Step 3: Understanding bottlenecks

Most likely your high-level design will have one or more bottlenecks given the constraints of the problem. This is perfectly ok. You are not expected to design a system from the ground up, which immediately handles all the load in the world. It just needs to be scalable, in order for you to be able to improve it using some standard tools and techniques.

Now that you have your high-level design, start thinking about what bottlenecks it has. Perhaps your system needs a load balancer and many machines behind it to handle the user requests. Or maybe the data is so huge that you need to distribute your database on multiple machines. What are some of the downsides that occur from doing that?
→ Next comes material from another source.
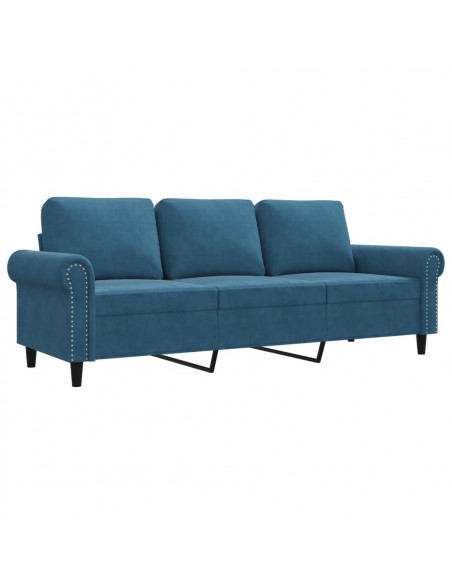 Divano a 3 Posti Blu 180 cm in Velluto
Is the database too slow and does it need some in-memory caching?

These are just examples of questions that you may have to answer in order to make your solution complete. It may be the case that the interviewer wants to direct the discussion in one particular direction. Then, maybe you won’t need to address all the bottlenecks but rather talk in more depth about one particular area. In any case, you need to be able to identify the weak spots in a system and be able to resolve them.

Remember, usually each solution is a trade-off of some kind. Changing something will worsen something else. However, the important thing is to be able to talk about these trade-offs, and to measure their impact on the system given the constraints and use cases defined.

Once you’ve outlined the core bottlenecks you see, you can start addressing them in the next step.